Climate Karma—chickens come home to roost?

Agriculture Minister Willie Kalo with a sample of NAPIL’s impressive harvest

According to popular climate change lore, the continuous spewing of carbon and harmful greenhouse gases over nearly 200 years, primarily by western nations, is what has caused the earth to warm up irrevocably these past few decades. This warming has caused polar ice caps and continental glaciers to melt like ice cream on a hot tin roof. Different climate scientists have come out with different estimates at different times about how much this melting will cause sea levels to rise over the next century or so.

Estimates vary from a couple of metres to several tens of metres. Scary scenarios have been painted about what the world map and the world’s demographics will look like in 100 years. Famines, water shortages, mass migration, wars, natural catastrophes, even apocalypse have all been predicted with all manner of scientific modelling. At climate change meets down the years, small islands states and countries that perceive themselves as being vulnerable to rising sea levels have repeatedly complained that they are being made to pay for the centuries long abuse of the environment by the industrialised world.

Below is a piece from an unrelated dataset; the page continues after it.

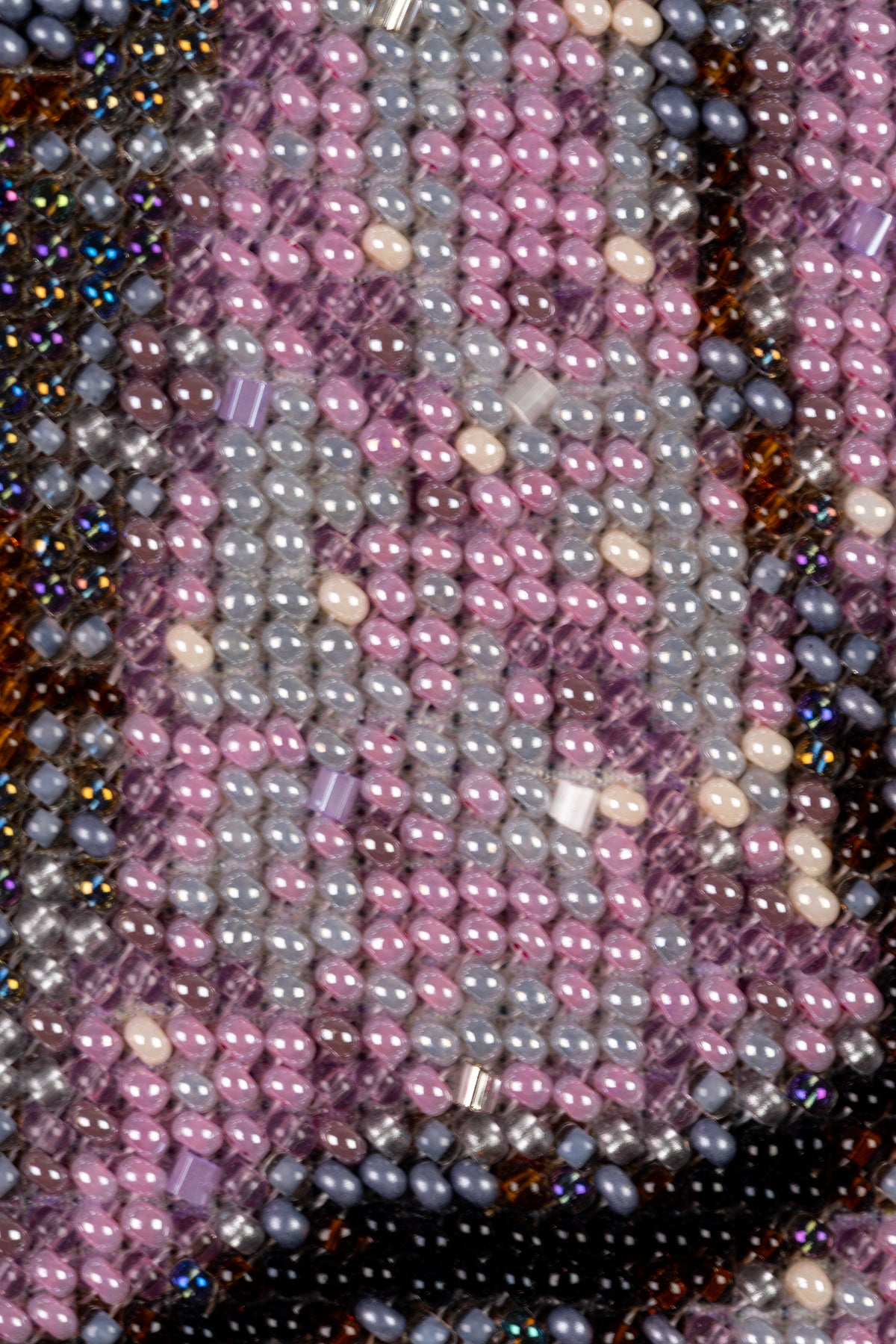 Extreme macro of pink, grey, ivory and transparent seed beads showing the texture and precision of the hand embroidery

Countries like Tuvalu have leveraged the emotive appeal of this argument to drum up support from governments and world development organisations. A few years ago, even Queen Elizabeth said in a speech that the world’s poor were suffering the effects of climate change for no fault of theirs and because of the industrial pollution caused by the relentless growth ambitions of the industrial western world. Rising sea levels have all along been seen as the single most devastating effect of climate change—and low-lying coastal areas and small islands states have been seen as those being the first to be affected.